Work required =
Give the records back exactly as written, but without the images.

Items from a dataset:

--

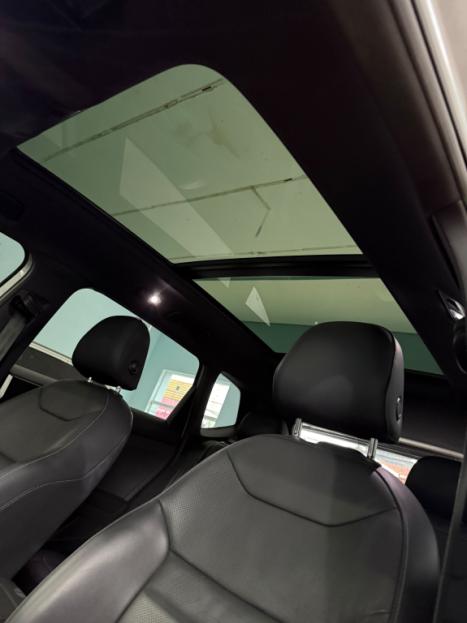 VOLKSWAGEN Taos 1.4 16V 4P FLEX 250 TSI HIGHLINE AUTOM�TICO, Foto 17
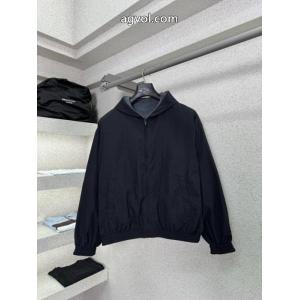 balenciagaコート大絶賛の履き心地! 激レア 販路限定モデルブランド コピー 優良店..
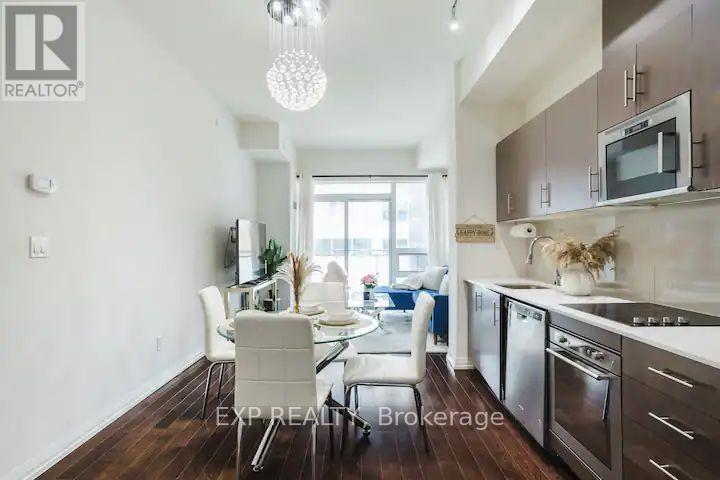833 - 460 Adelaide Street E, Toronto, ON - Indoor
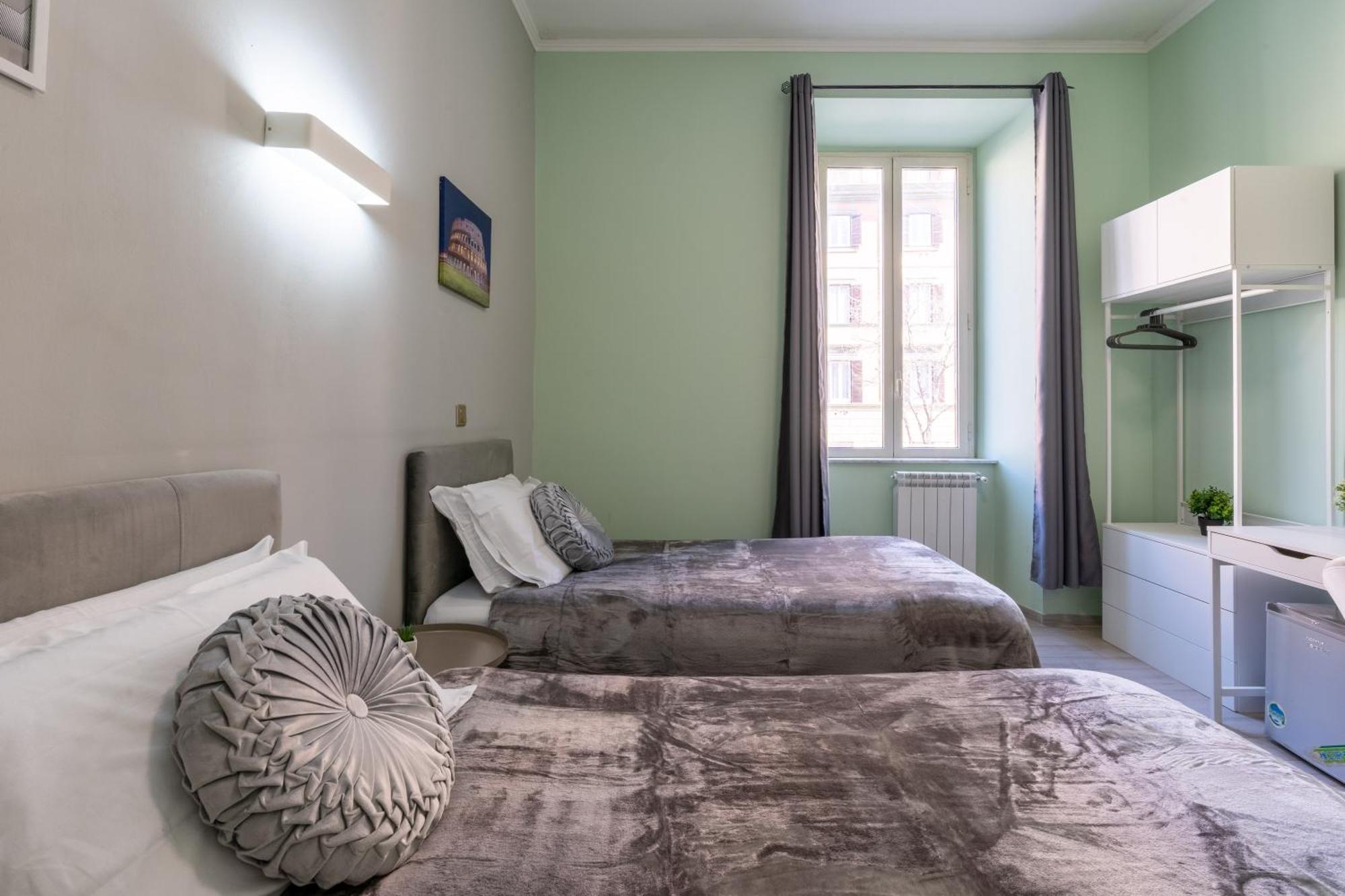 Leoni Di Giada - Close To Station 3* Rom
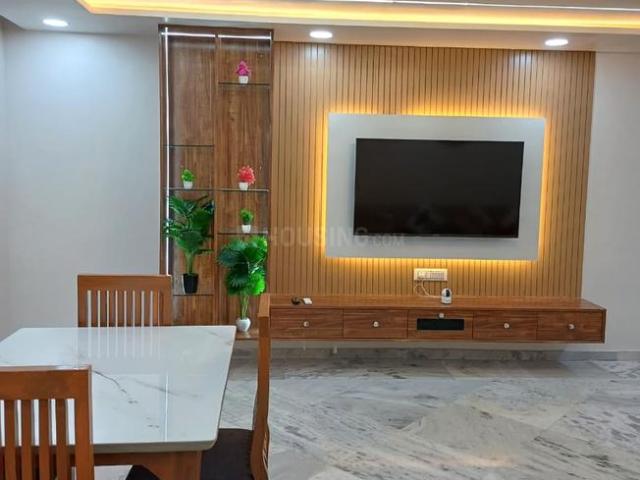 2 BHK Apartment in Pratapgunj for rent Vadodara. The reference number is 20587185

--

Response for this exercise =
 VOLKSWAGEN Taos 1.4 16V 4P FLEX 250 TSI HIGHLINE AUTOM�TICO, Foto 17
 balenciagaコート大絶賛の履き心地! 激レア 販路限定モデルブランド コピー 優良店..
833 - 460 Adelaide Street E, Toronto, ON - Indoor
 Leoni Di Giada - Close To Station 3* Rom
 2 BHK Apartment in Pratapgunj for rent Vadodara. The reference number is 20587185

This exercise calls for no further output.